The request leaves the selector and ends at the transmission. It is exchanged with the transmission controller or the vehicle control unit (VCU) on a new-energy platform, over discrete lines or a vehicle bus depending on that controller — confirmed per programme. On the cabin side the EDK-916 sits with the other console controls; where a programme also runs bus switch panels, the EDK-907 CAN-bus switch panel and EDK-2507 rotary switch are the related Youlai HMI parts.
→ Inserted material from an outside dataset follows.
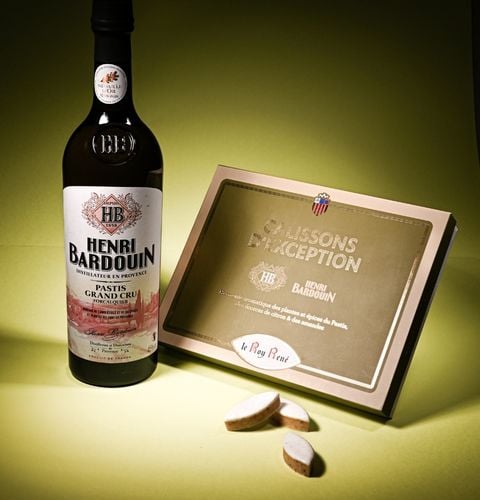 Henri Bardouin bottle and reception calisson gift box, displayed on a bright green background.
Manufacturing & what we confirm at RFQ

The EDK-916 is built under IATF 16949 with APQP planning and a PPAP package on handover. Because its interlock behaviour and signalling are driveline-critical, they are agreed in the control plan for each programme, with environmental screening in our in-house lab and EMC certification at accredited third-party laboratories when a programme calls for it. Because it is quoted to your driveline rather than sold as a fixed signal set, a few things are settled at quotation:

  • the transmission or vehicle controller it must talk to, and whether the interface is discrete or a bus;
  • the gear layout — P/R/N/D or a subset, plus any manual or low-range position;
  • the shift-interlock conditions and the vehicle-state signals that release a shift;
  • the system voltage — and, for a 24 V programme, whether a suitable variant can be offered;
  • button backlighting and legend, the mounting position and console cut-out, and the protection rating there;
  • the connector on the vehicle side, and expected annual volume.

Send the controller details and a drawing with your enquiry through the contact page, and the first sample is matched to your console and controller.

Common questions

Does the EDK-916 send the gear request over CAN, LIN or discrete lines? Either — the interface can be discrete lines or a vehicle bus, and it is confirmed per programme because it depends on the transmission or vehicle controller the selector must talk to. Tell us the controller and we match the signalling to it.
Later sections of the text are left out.